With the windfall of money she received from the Canadian government she hired some of the best lawyers in the province of Manitoba. They are fighting this tooth and nail. They are fighting it with the comfort and confidence that if they use all the tricks at their disposal they can drag this out for three, five or seven years. In the meantime this woman who may be guilty of murder has the advantage of living in relative comfort in Winnipeg, raising her children without allowing her other family members to see them. The grandparents are horrified by this.
This is a clear example why Bill C-40 is attractive to us. Even if we do not think it is perfect, even if we think it is a little flawed, we are eager to see the process speeded up and simplified to where in a dramatic case like this one no one can hide behind the complicated and ponderous steps that must be taken in the current situation of extradition.

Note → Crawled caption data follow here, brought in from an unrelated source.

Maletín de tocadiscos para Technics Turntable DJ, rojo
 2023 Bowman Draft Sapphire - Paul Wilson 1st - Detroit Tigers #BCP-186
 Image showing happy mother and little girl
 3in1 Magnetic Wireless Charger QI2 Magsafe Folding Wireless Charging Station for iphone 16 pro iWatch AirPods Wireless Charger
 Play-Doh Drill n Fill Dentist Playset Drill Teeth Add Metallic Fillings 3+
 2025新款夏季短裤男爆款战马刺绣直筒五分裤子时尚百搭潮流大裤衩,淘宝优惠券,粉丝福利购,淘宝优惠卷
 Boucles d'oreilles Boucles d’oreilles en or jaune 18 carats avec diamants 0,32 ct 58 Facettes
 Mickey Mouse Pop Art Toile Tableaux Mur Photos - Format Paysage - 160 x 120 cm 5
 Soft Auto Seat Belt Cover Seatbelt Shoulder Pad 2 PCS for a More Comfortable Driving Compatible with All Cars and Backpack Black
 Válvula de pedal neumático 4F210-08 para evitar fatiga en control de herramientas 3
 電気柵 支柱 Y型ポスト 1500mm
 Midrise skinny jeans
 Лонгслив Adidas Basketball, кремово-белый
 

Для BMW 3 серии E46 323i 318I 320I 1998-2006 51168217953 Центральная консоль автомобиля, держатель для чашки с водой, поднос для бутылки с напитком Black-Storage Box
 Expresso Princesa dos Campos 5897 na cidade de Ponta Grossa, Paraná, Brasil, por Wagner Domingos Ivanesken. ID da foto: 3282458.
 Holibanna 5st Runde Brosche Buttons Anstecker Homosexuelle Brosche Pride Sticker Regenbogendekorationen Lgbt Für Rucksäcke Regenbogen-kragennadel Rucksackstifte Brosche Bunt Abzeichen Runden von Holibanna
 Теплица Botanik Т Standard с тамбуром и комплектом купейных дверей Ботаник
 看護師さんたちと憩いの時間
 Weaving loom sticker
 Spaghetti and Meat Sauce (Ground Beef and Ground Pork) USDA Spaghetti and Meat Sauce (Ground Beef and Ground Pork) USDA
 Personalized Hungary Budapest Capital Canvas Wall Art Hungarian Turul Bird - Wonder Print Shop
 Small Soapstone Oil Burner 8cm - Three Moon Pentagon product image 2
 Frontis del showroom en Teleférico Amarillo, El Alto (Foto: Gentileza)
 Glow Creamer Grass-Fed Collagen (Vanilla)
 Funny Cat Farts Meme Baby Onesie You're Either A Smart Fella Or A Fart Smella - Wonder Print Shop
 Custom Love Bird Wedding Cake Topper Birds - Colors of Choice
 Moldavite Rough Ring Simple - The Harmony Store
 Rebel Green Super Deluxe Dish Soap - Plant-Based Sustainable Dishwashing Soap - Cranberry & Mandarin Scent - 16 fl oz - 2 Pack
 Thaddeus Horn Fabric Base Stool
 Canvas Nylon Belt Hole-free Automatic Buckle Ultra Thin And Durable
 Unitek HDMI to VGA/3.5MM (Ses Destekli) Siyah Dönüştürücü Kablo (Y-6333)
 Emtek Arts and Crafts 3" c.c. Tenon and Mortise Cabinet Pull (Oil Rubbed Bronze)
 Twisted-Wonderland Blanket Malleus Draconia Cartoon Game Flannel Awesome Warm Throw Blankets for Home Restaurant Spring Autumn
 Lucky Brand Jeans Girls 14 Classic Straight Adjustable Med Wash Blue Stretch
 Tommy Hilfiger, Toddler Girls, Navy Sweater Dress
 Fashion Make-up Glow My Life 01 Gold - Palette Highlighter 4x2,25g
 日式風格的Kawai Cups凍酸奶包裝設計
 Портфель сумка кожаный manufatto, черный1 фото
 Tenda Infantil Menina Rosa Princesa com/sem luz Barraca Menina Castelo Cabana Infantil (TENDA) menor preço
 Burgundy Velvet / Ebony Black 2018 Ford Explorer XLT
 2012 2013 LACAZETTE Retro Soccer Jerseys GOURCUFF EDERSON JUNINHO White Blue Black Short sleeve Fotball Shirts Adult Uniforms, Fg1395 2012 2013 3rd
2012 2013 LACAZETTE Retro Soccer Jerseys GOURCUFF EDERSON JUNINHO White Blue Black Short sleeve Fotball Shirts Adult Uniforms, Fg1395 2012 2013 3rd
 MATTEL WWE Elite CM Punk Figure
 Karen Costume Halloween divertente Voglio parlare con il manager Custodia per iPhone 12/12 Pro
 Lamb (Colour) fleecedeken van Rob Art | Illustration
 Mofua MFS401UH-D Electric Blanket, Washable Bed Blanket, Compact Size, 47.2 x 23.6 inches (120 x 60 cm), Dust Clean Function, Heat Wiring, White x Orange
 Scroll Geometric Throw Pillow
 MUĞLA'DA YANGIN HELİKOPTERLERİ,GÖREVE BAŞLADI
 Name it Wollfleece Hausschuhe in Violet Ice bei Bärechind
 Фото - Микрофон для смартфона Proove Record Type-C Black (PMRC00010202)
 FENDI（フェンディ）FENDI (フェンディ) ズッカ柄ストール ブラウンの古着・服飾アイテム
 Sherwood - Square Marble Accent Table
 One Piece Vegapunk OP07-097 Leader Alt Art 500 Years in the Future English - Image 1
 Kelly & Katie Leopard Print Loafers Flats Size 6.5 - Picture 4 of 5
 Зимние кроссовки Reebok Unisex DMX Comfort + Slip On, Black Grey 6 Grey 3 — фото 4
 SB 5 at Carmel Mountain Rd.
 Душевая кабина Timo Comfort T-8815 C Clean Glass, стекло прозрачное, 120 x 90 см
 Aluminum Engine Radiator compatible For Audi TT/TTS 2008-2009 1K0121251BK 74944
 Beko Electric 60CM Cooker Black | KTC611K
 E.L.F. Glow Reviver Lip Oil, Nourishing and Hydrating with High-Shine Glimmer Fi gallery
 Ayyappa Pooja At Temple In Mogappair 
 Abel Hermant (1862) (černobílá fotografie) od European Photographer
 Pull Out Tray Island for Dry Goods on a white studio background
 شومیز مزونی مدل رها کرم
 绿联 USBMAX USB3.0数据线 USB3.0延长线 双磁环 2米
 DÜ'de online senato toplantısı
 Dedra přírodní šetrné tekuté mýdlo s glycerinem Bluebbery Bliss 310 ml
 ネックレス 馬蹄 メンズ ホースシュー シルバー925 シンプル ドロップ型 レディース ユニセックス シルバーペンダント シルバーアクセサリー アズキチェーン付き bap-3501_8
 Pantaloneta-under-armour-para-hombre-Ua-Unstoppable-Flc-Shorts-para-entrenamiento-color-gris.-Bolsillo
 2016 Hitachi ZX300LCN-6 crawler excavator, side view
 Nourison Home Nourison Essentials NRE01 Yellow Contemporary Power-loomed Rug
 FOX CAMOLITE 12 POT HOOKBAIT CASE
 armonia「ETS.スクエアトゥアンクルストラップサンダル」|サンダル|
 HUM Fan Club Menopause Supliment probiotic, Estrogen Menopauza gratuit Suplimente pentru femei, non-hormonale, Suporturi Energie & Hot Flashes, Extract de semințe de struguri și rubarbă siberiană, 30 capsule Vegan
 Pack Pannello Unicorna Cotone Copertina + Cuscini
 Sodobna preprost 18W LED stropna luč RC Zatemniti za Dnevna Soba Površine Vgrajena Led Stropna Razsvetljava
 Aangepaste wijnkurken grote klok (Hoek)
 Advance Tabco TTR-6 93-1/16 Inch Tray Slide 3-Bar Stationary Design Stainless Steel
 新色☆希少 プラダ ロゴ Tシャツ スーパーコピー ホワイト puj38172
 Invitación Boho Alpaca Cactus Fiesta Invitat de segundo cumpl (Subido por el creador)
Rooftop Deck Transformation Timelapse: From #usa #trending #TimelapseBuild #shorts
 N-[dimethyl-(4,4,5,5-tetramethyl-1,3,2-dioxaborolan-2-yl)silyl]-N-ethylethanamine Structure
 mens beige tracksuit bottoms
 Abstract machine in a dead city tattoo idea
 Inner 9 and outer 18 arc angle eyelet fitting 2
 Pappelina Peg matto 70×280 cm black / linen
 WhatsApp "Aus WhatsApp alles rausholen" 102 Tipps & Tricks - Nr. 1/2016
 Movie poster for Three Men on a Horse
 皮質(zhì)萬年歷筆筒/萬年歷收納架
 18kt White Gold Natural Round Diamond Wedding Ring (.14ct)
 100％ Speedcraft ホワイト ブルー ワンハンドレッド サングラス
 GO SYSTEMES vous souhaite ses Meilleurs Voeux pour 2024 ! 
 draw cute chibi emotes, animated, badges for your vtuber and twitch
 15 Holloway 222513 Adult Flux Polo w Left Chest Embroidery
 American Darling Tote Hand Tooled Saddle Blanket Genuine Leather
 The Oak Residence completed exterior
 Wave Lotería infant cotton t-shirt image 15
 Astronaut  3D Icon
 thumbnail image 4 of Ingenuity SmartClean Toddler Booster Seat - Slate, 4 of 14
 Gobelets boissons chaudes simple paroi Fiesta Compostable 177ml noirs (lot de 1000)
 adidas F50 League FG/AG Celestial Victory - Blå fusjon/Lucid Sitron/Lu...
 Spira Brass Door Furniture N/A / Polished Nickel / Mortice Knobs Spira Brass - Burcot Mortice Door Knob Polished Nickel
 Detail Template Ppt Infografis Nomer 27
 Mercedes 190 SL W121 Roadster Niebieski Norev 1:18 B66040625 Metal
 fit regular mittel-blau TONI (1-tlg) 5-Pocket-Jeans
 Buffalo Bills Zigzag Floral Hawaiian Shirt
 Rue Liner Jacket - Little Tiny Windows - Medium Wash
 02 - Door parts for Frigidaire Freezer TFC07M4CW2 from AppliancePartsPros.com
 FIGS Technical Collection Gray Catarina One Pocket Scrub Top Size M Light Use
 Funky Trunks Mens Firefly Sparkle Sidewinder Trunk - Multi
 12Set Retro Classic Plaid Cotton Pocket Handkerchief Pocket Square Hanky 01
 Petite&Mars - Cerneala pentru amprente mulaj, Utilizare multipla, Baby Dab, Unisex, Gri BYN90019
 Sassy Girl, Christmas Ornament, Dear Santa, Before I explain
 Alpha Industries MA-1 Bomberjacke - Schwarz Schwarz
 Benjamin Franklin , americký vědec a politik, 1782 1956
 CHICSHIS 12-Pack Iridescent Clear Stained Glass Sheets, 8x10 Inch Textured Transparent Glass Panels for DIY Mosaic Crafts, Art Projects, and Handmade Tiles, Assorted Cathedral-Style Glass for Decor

We have other examples where it has gone on far too long. I can point out an extradition hearing where the headline was “Activists are hot at Allan Rock over murder extradition”. When that member was the minister of justice an organization was very upset about the case of another person wanted in the State of Florida in a drug dealing murder, Edgar Garcia.
He spent five years in the Don Jail as a guest of the crown fighting his extradition even though there was ample evidence that he should have gone to stand trial in the other country. The real obstacle was that Florida had the death penalty. I am the first one to argue we do not want to send anyone to a country where he or she might wind up convicted guilty and executed, because as a Canadian people we have decided over and over again that is fundamentally wrong.
In this case the State of Florida was willing to say that if that person came back and stood trial it would not go for the death penalty. The state prosecutor in the State of Florida agreed that they would not go after the death penalty. I believe the minister was comforted by that to the point where they co-operated and eventually sent Mr. Garcia to Florida where he pleaded guilty and was sentenced to life in prison.
In summary, I am glad to say that the NDP caucus can and will support Bill C-40 with the reservations I outlined earlier. The most glaring concern or reservation is the lack of clarity involved in the extradition of criminals to countries where the death penalty exists or where other types of cruel and inhuman punishment exists.